Yesterday the sermon at church was centered on I John 4:11-16. John is talking specifically to believers and discussing how believers should live and treat other believers. To me, verse 11 is the crux of the matter here: “Since God so loved us, we aught to love one another.” Something our pastor said really resonated with me and that’s this – Since we love and serve an invisible God, all other believers and non-believers can see is God in us. God becomes visible in the world by how we love others. I need to read that idea over and over and think about it. God only becomes visible when I show Him to others and the world through love.
That’s a heady responsibility, and one that believers through the years have both triumphed with but also failed miserably on. Pastor used an example of the Matthew 18 principle to illustrate this. He made the point that Matthew 18 was not intended to be a legalistic protocol for kicking people out of the church, but a series of helps to confront someone who has gotten off track and restore them to God’s righteousness and the church. I absolutely agree. We must be vigilant to keep ourselves and the church aiming in the right direction and also careful not to ‘sweat the small stuff’.
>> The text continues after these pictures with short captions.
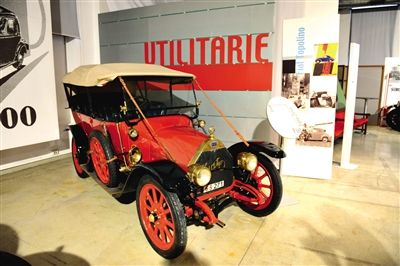 4菲亚特Zero 1912年，受到福特汽车流水线生产的影响，菲亚特Zero成了意大利历史上第一款采用大规模生产的汽车，这也帮助菲亚特成为世界上第一个生产微型车的企业。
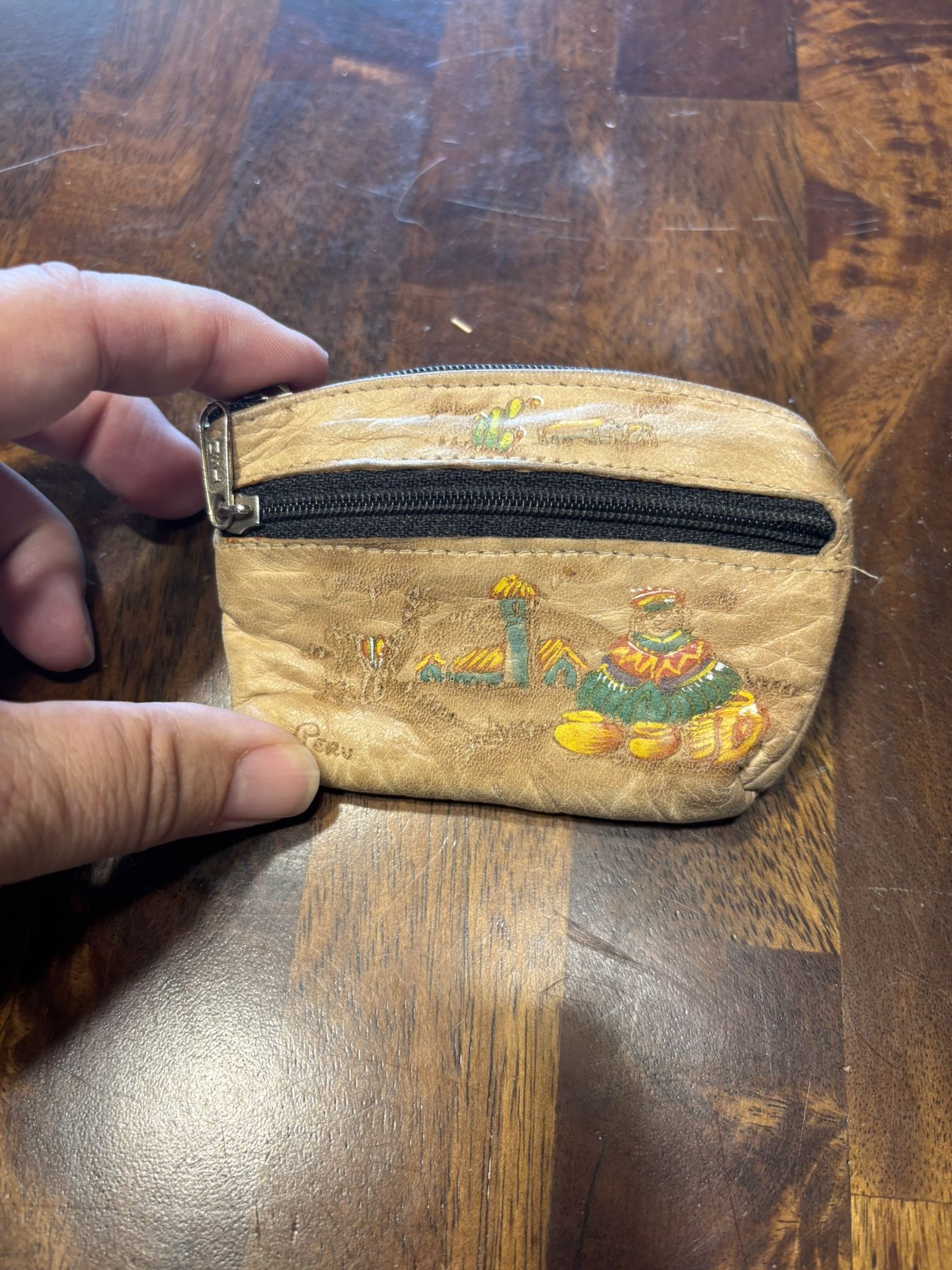 Peru coin holder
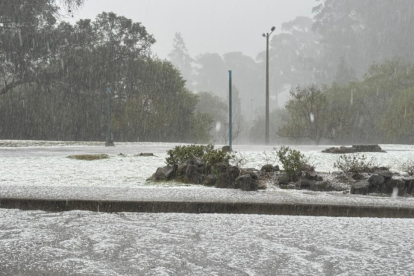 Lluvia con granizo en Cuenca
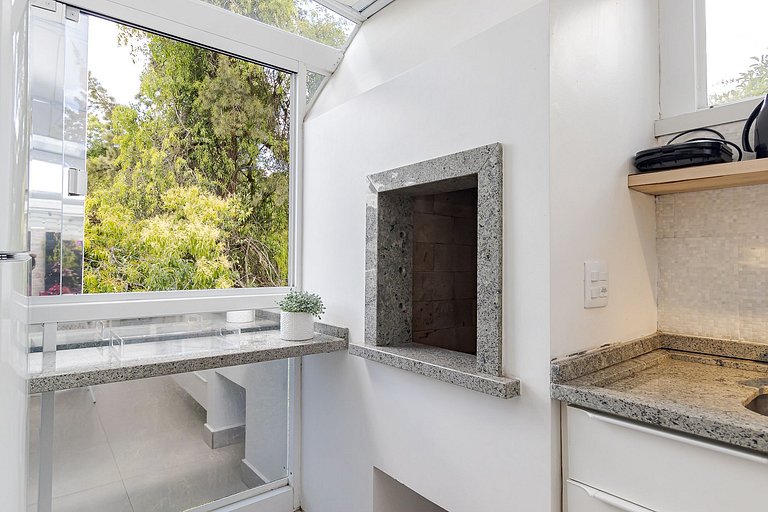 Conforto | Churrasqueira | Parque Barigui - C325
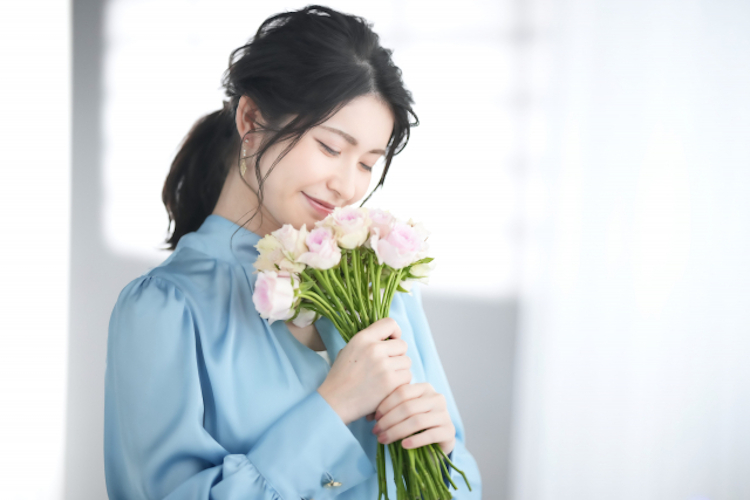 花の匂いを嗅ぐ可愛い女性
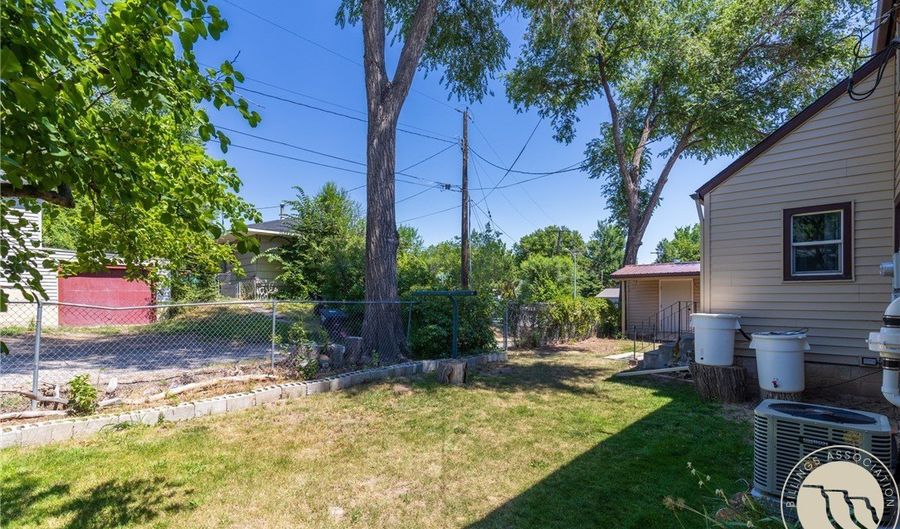 805 Clark Ave, Billings, MT 59101 - 4 Beds, 3 Bath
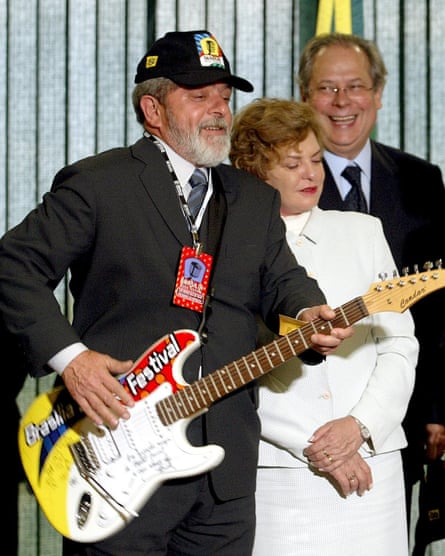 Luiz Inácio Lula da Silva pretending to play an electric guitar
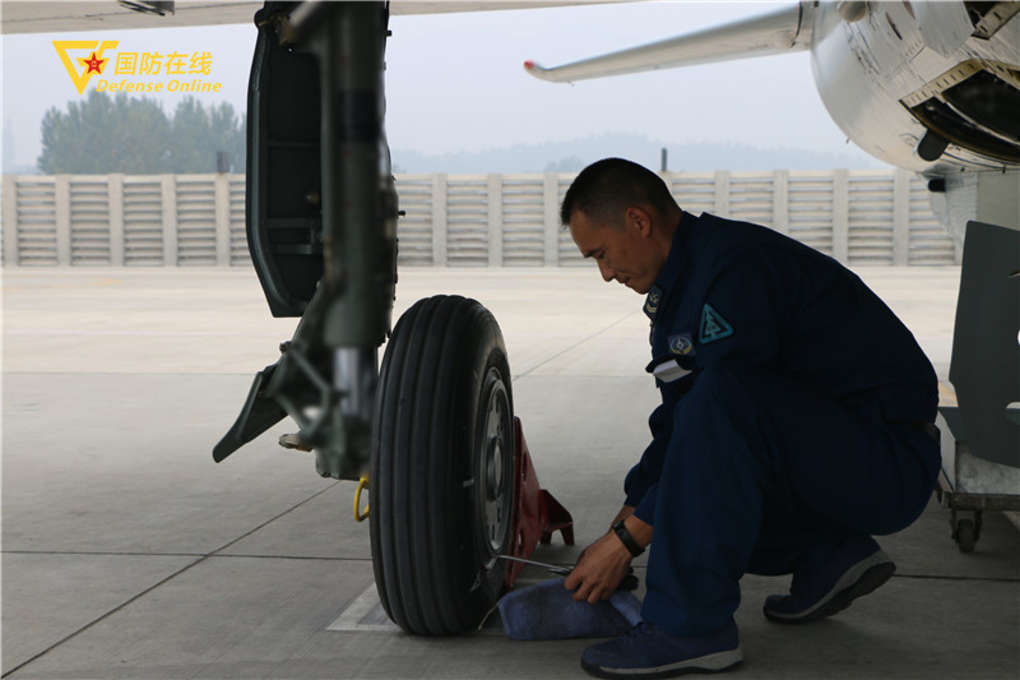 他们是军营“神医”,专治战机各种“疑难杂症”
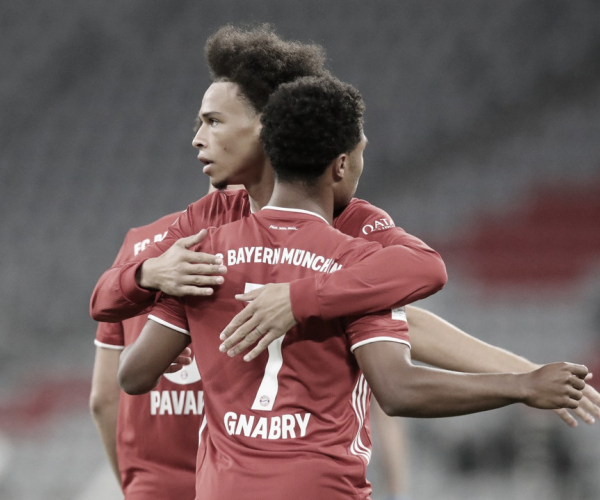 Imparável! Bayern de Munique goleia Schalke na estreia da Bundesliga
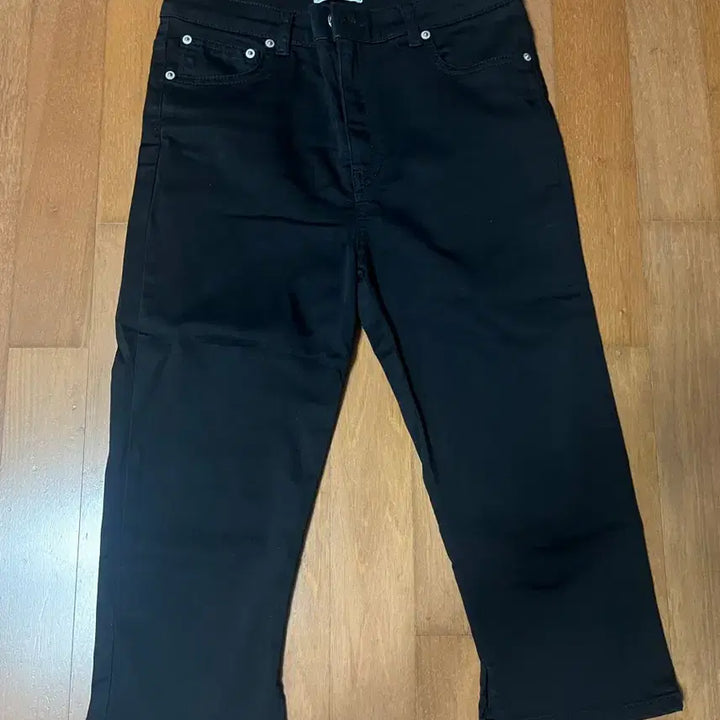 [BUNJANG] Zara Premium 7-Part Black Denim Pants / 자라 프리미엄7부 팬츠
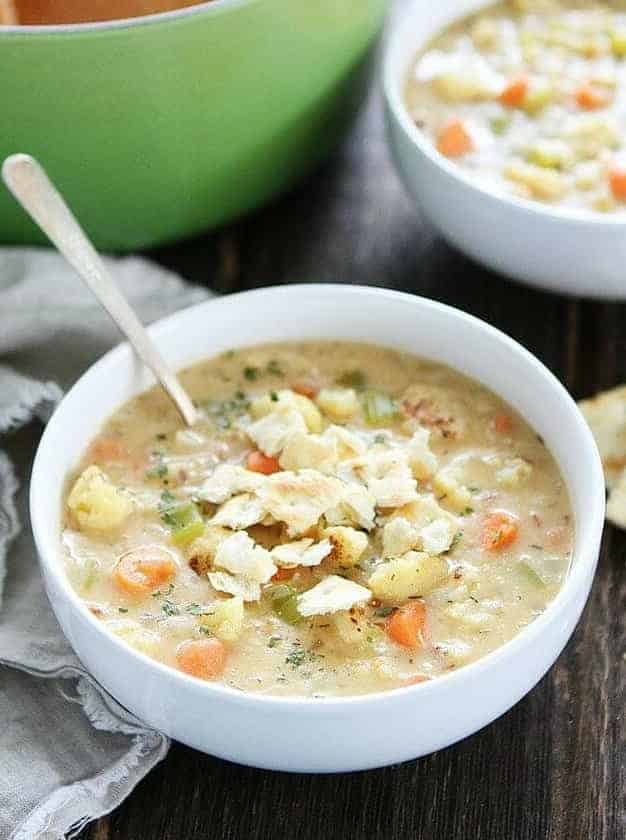 Creamy Roasted Cauliflower Chowder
When believers disagree, love needs to be the driving force, GOD’S love in us and through us, needs to be the driving force to a solution. Scripture needs to be searched, hearts opened, and TRUTH spoken. Love is required. It’s so important, though, to realize that sometimes love is hard. Love speaks difficult truths. Love isn’t always nice. The perfect example, of course, is Jesus. During His last week as a human, Jesus makes God visible to so many people by healing, by teaching, by explaining. He spoke hard Truth softly and with love. But look carefully. He doesn’t make nice all the time, though He never stops loving…He turns over temple tables, He curses a fig tree for being unfruitful, He calls the Pharisees who try to trap Him about taxes “Hypocrites.”
Wait, what? It isn’t loving or kind to call someone names. How can it be that our Perfect Example tells us to love others but then He Himself calls another someone a hypocrite (or a brood of vipers, or snakes, or blind guides or blind fools)?
The reality is that Satan perverts our call to love by asserting that love demands tolerance and acceptance at all costs – even at the cost of Truth. Satan wants Christians to forget Jesus’ actions that don’t sit easily under the heading of ‘nice’. The devil wants us to pervert God’s righteousness by accepting false teachings and sinful acts and calling it love. Where the rubber meets the road is speaking Truth in love and not amending Truth to include everyone’s sin.